Die IT der Stadt Baden ist mit 3,7 Mio. Franken direkten Kosten plus 0,6 Mio. Franken dezentralen IT-Kosten (Angaben aus der Abteilung Informatik) sehr teuer. (Symbolbild)

KEYSTONE/GAETAN BALLY

Die Stadt Baden muss sparen respektive Leistungen abbauen. Der Stadtrat ist beauftragt worden, den Nettoaufwand des Budgets 2019 im Vergleich zum Vorjahr um 1,5 Millionen Franken zu entlasten. Hierzu hat eine einwohnerrätliche Spezialkommission erste Vorschläge erarbeitet, die aber vorerst noch unter dem Deckel gehalten werden (die AZ berichtete).

Konkret werden hingegen die beiden FDP-Einwohnerräte Michael Brandmaier und Stefan Jaecklin, die das dringliche Postulat «Zahlbare und zukunftsgerichtete Informatik der Stadt Baden» eingereicht haben. Hintergrund der Anfrage ist die geplante Zusammenlegung der IT-Abteilungen von Baden und Aarau. «In diesem Zusammenhang haben wir uns vom Abteilungsleiter IT Informationen geben lassen und sind zum Schluss gekommen, dass das in die falsche Richtung läuft», erklärt Michael Brandmaier.

Neuenhof zahlt einen Viertel

Die IT der Stadt Baden ist mit 3,7 Mio. Franken direkten Kosten plus 0,6 Mio. Franken dezentralen IT-Kosten (Angaben aus der Abteilung Informatik) sehr teuer. «Diese Kosten sind nicht durch Personalkosten getrieben, die weniger als 25 Prozent der gesamten Kosten ausmachen», so Brandmaier. «Wenn wir diese Kosten pro Einwohner vergleichen – die Stadt betreibt die Informatik um die Einwohner zu bedienen –, dann resultieren pro Einwohner deutlich höhere IT-Kosten.»

Zum Vergleich: Pro Kopf betragen die IT-Kosten in Baden 227 Franken. In Aarau sind es 205 Franken und in vergleichbaren Städten mit Zentrumsfunktion wie Schaffhausen (122 Franken) oder Frauenfeld (65 Franken) fallen die Pro-Kopf-Kosten deutlich geringer aus. Und noch ein Vergleich: Gemeinden ohne Zentrumsfunktion wie Wettingen (73 Franken) oder Neuenhof (53 Franken) haben deutlich tiefere IT Kosten.
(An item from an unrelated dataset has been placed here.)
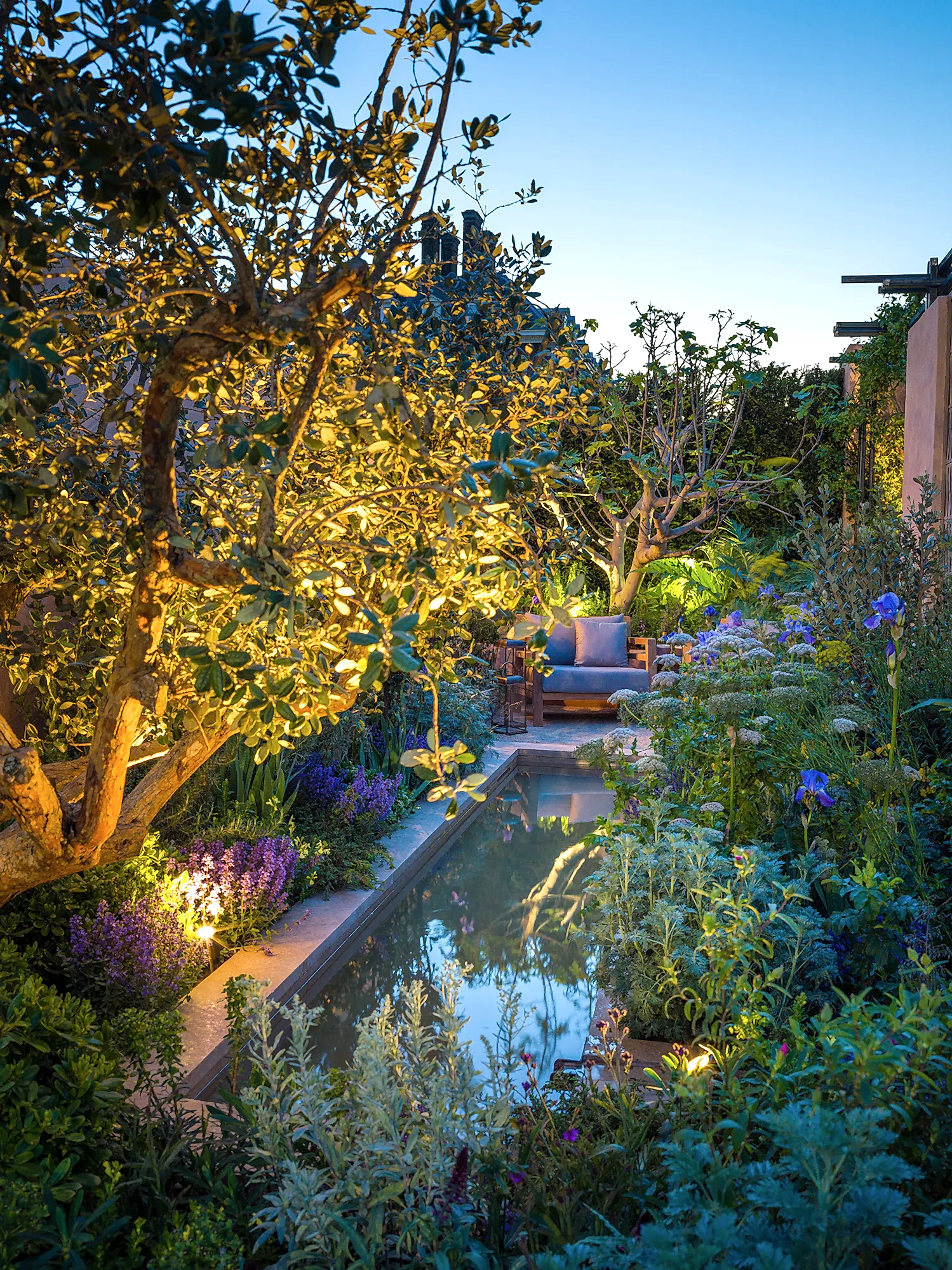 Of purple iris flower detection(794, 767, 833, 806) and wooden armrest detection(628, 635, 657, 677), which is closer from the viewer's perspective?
purple iris flower detection(794, 767, 833, 806)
«Dies wurde auch in der IT-Ausschreibung der Gemeinde Neuenhof bestätigt, wo das Angebot der Informatik Baden preislich nicht konkurrenzfähig war», heisst es im Postulat wörtlich. Neuenhof habe die gesamte IT ausgelagert und weise im Vergleich die tiefsten Kosten pro Einwohner aus. Das Postulat enthält im wesentlichen drei Forderungen.
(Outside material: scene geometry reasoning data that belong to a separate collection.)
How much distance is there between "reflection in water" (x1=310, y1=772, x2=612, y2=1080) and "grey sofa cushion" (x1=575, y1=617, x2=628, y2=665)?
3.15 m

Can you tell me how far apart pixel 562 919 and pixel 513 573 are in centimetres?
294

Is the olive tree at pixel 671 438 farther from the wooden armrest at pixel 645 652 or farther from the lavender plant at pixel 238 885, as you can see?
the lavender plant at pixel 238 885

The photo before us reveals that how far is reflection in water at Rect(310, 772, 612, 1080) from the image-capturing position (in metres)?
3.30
Erstens: Es soll eine Reduktion der Totalkosten um 30 bis 40 Prozent angestrebt werden, «was im Vergleich mit Gemeinden mit Zentrumsfunktionen möglich sein sollte».
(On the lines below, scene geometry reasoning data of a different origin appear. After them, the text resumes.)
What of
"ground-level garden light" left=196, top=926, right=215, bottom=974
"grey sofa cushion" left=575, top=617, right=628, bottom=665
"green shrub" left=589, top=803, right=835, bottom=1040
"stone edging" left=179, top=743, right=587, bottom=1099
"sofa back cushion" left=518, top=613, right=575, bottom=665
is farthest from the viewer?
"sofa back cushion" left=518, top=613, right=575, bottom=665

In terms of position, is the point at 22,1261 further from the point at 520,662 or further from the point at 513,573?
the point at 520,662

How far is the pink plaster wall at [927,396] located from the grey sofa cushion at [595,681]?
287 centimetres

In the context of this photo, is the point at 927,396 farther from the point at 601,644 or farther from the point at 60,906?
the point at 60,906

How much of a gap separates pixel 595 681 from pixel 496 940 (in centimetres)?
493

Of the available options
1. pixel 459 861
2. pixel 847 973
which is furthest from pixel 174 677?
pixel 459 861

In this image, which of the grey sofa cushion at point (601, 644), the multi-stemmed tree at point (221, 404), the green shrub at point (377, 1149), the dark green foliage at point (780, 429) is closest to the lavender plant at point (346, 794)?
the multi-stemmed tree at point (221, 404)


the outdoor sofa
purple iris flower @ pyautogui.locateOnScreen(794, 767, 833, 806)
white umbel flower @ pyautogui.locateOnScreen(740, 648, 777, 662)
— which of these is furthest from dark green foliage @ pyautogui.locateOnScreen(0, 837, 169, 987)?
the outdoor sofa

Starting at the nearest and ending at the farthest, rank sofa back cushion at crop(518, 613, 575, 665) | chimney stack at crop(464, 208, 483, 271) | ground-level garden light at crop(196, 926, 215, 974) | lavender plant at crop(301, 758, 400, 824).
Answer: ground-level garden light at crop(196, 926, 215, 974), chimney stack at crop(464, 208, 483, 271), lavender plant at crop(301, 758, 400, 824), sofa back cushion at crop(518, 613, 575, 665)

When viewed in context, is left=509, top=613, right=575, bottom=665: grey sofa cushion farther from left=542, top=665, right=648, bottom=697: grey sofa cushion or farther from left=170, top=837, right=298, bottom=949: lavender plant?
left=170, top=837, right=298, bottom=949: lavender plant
Zweitens: Die Zusammenarbeit mit Aarau wird als problematisch erachtet, da die Informatik der Stadt Aarau ähnlich überteuert wie Baden sei, und es unklar sei, «wie aus der Zusammenlegung zweier überteuerter IT-Organisationen eine effiziente resultieren soll». Dies werde selbst vom Projektteam bestätigt, das eine Kostenreduktion von unter 5 Prozent in Aussicht stelle, was gemessen an den Risiken nicht vertretbar erscheine. «Wir erwarten, dass vor einer Zusammenlegung mit der Stadt Aarau, externe Outsourcing-Offerten eingeholt werden. Es gibt IT-Dienstleister, die sich auf das Outsourcing der gesamten Stadtinformatik spezialisiert haben und hier eine Kernkompetenz haben», sagt Brandmaier.

Und drittens: Die IT-Kosten würden stark durch die Anforderungen der Abteilungen getrieben. «Andere Gemeinden wie etwa Solothurn verrechnen deshalb alle IT-Kosten an die jeweiligen Abteilungen.» Die Abteilungen hätten dadurch zwecks Optimierung ihrer Kostenbasis einen starken Anreiz, ihre IT-Kosten gering zu halten, und würden so ihre Sonderanforderungen reduzieren, sind die Postulanten überzeugt. «Eine vollständige Verrechnung der IT-Kosten an die Abteilungen ist sinnvoll», ist Brandmaier überzeugt.